Anonymous wrote:
Anonymous wrote:I interviewed a whole bunch of admission counseling folks that are talked about in this forum. I found -
- I can do it better myself. There are enough books, seminars, newsletters, parent workshops available. You need to put in the time.
- It is useful of parents who have not educated themselves in their kids K-12 journey.
- No counselor can get your kid to Ivy or top colleges. The kid who gets in will already have the hooks and the profile that colleges are looking for.
I would certainly not try and help out a parent who has a rising Junior kid or a kid who is already a Junior. The correct time to have a plan for the academic trajectory is in Middle School in IMHO. Of course, it goes without saying that K-5 is to make sure that kid has good study habits and also doing very well at school. Hopefully parents are not relying entirely on the school to educate their kids.

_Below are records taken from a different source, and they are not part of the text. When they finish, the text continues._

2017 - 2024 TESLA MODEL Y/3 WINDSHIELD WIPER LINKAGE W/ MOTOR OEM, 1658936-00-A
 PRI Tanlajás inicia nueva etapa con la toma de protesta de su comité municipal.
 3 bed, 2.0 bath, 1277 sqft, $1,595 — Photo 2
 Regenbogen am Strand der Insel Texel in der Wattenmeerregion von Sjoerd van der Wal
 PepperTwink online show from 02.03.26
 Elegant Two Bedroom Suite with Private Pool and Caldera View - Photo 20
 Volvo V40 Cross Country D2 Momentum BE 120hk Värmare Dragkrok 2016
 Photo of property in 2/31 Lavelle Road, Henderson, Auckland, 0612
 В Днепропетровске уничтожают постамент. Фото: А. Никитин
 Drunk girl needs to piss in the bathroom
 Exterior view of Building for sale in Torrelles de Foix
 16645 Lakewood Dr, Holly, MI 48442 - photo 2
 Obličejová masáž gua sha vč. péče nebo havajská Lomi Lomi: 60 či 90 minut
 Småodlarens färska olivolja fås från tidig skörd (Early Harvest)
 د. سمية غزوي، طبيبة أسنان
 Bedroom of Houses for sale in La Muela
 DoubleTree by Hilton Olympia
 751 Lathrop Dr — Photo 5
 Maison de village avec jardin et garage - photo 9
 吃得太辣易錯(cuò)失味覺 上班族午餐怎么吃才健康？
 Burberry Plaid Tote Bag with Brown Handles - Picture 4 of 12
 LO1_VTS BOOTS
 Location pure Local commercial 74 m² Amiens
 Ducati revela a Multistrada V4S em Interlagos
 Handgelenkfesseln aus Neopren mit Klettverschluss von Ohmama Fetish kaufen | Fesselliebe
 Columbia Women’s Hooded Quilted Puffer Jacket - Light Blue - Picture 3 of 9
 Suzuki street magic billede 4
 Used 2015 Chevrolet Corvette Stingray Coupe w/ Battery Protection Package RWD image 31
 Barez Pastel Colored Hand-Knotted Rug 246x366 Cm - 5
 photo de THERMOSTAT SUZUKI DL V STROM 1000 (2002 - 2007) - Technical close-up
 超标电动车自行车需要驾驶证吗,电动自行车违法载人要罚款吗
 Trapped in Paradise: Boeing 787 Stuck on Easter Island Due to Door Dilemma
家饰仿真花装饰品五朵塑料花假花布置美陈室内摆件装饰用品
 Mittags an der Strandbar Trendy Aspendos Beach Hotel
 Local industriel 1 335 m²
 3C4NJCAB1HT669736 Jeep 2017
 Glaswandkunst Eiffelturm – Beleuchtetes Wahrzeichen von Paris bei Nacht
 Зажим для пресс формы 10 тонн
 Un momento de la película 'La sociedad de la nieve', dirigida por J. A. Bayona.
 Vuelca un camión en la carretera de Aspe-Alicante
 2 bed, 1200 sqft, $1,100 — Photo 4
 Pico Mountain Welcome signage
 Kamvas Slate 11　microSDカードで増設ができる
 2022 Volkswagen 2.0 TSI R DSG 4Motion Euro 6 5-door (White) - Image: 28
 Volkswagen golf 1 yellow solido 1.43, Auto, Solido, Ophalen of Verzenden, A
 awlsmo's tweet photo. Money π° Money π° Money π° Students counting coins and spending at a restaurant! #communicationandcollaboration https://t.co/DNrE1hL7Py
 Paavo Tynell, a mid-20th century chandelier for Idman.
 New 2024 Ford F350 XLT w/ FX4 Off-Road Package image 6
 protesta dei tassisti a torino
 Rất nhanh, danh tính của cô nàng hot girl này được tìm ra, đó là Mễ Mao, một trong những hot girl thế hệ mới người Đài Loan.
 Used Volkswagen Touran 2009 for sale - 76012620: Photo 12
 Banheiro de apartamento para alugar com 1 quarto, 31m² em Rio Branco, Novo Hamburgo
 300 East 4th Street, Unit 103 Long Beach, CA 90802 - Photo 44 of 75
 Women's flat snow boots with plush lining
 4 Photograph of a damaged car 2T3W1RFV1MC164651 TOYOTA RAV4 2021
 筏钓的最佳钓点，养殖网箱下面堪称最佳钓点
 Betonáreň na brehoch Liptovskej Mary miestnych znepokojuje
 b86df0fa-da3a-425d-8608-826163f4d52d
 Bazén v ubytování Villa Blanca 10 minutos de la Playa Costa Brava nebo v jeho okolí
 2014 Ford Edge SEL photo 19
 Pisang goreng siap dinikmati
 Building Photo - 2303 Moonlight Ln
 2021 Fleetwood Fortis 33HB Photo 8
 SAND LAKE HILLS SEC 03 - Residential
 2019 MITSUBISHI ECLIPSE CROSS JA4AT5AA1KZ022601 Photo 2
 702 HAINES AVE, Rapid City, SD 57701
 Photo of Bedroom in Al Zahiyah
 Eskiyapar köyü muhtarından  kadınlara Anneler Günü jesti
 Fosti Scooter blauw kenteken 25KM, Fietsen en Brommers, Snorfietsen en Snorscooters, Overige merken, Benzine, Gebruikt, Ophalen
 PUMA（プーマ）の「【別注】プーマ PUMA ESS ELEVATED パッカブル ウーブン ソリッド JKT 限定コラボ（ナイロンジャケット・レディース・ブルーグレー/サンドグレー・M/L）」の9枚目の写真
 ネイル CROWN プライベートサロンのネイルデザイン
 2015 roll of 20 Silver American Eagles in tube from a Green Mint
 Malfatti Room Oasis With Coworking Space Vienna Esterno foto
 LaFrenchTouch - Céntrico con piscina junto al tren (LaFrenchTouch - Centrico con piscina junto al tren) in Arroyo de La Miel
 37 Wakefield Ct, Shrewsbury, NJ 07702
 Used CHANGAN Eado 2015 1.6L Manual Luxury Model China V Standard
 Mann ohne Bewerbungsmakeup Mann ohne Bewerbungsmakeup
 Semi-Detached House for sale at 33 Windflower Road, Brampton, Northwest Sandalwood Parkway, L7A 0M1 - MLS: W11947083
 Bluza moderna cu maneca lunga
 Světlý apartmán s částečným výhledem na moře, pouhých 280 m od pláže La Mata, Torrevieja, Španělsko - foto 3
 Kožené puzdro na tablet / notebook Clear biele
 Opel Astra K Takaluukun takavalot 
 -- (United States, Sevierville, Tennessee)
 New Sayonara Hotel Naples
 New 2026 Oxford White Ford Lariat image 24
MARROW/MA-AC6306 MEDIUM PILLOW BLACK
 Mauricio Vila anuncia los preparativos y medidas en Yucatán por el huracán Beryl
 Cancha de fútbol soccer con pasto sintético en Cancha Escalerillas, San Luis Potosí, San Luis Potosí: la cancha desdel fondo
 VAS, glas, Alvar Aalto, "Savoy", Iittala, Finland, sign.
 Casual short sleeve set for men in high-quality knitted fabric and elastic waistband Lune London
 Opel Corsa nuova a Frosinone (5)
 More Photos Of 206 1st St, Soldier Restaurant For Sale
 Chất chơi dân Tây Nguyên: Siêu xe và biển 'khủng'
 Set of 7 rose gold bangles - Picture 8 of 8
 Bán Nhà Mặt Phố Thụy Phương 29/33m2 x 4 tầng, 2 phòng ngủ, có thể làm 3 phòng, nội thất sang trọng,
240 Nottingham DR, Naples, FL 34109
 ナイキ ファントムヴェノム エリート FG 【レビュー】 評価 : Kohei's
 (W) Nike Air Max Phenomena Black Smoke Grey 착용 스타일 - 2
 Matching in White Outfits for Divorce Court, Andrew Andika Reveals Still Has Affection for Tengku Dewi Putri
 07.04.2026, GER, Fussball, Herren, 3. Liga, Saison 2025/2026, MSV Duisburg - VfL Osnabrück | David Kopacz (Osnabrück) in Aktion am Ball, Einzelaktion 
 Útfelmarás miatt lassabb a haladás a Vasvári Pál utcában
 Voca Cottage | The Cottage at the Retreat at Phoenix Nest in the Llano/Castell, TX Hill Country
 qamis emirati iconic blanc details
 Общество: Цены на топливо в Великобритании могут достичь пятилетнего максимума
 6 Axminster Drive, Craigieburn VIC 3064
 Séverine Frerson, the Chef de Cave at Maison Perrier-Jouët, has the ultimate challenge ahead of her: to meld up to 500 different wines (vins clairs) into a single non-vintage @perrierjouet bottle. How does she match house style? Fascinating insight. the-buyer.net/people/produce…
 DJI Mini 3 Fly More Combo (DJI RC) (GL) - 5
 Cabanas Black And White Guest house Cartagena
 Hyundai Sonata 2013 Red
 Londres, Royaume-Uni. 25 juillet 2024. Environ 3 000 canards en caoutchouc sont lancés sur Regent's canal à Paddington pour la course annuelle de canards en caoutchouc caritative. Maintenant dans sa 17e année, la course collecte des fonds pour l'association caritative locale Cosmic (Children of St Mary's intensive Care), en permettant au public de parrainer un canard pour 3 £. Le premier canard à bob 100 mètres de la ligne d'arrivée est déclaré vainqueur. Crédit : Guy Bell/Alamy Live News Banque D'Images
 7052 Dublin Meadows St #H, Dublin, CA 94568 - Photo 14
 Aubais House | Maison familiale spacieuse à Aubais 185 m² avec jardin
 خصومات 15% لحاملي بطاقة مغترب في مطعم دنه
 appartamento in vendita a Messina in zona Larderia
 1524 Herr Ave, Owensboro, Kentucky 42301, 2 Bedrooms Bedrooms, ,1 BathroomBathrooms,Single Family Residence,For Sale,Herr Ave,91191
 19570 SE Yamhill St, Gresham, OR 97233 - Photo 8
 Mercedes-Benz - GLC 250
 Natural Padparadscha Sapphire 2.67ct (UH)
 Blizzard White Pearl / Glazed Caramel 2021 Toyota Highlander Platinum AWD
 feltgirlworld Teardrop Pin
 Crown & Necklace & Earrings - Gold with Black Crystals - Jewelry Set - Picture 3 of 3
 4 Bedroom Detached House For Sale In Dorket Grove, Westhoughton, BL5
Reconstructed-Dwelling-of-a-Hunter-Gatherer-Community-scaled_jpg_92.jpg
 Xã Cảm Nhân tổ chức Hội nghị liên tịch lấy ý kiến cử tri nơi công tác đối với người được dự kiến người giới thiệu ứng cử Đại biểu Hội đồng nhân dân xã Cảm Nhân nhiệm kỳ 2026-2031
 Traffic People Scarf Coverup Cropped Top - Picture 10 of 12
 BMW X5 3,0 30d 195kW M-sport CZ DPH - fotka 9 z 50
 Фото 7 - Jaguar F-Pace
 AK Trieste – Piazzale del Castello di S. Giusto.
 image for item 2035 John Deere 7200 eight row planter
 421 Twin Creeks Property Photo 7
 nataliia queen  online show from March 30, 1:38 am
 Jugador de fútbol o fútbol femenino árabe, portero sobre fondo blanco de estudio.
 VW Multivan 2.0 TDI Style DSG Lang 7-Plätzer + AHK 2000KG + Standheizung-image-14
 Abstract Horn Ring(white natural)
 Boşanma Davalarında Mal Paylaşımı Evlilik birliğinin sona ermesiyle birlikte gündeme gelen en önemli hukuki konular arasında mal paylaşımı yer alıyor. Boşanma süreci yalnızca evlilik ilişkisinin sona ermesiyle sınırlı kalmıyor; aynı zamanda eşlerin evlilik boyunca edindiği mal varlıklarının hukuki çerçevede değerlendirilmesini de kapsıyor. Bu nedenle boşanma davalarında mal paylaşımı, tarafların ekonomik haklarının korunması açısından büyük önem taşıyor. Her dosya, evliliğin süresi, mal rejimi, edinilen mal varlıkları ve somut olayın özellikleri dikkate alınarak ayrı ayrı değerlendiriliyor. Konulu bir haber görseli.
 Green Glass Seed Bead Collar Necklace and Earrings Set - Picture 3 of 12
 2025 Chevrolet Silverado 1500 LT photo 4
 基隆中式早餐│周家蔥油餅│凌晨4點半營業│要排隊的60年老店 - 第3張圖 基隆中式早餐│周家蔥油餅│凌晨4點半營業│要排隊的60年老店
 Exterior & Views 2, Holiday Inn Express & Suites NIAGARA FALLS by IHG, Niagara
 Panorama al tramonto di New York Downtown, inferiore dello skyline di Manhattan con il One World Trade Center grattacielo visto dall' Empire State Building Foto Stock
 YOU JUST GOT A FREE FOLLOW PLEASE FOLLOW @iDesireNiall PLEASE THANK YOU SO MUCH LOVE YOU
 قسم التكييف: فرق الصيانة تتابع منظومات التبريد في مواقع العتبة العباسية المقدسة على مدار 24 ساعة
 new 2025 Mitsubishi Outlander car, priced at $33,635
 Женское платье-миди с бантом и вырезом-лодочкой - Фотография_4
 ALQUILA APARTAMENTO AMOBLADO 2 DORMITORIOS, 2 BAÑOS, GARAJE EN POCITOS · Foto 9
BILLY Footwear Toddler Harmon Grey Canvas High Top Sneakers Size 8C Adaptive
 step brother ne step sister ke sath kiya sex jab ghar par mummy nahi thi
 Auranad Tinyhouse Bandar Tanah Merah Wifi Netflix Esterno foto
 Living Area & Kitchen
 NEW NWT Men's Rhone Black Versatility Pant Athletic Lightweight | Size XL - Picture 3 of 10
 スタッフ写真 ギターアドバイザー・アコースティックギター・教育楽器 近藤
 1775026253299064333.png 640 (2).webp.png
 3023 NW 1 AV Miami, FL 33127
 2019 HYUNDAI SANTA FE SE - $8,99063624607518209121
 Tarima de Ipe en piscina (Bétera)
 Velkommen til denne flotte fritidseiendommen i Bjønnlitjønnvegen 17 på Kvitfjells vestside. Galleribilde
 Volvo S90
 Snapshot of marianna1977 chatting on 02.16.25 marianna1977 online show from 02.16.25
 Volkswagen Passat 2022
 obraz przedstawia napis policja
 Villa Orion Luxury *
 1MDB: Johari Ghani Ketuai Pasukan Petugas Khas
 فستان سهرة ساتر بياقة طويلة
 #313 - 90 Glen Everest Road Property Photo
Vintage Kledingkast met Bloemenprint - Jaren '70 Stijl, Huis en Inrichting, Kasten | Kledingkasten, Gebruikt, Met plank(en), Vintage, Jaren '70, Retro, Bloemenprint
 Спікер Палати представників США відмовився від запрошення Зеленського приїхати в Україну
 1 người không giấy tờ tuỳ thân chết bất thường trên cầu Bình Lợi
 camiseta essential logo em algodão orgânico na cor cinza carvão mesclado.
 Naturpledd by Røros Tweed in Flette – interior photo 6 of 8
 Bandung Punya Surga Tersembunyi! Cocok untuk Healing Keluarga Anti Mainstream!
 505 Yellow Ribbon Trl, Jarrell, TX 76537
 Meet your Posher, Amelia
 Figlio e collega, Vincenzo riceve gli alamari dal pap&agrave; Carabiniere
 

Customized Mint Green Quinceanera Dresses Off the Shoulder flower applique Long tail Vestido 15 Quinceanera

I entirely agree and this is what I did with my senior.
However, I did freak out last year when he was in junior year and TOTALLY UNINTERESTED! And I knew it was too late for a college counselor!
Let me reassure you, OP. He's my oldest, and just couldn't imagine what the whole deal with college was. So the summer before senior year, instead of going on our usual vacation, we went on a college tour in the northeast and Canada. Actually walking on campus, listening to the tour guide, seeing the dorms, woke him up pretty quickly. He'd already sat for the ACT, but his score increased significantly after the college tours. He started visualizing where he saw himself (urban or semi-urban campus, smaller-sized college or university), and he even picked a major. It all clicked in August before senior year.
So don't despair. At this point, college counselors will charge an arm and a leg to help you. You might as well immerse yourself in the process, and if you bring your kid to tour colleges, I guarantee he'll be more amenable.
Now if your kid was younger, I'd recommend a local college counselor. You could still ask them, of course. But even if get someone to say yes, you'll pay through the nose for an emergency end of junior year intervention.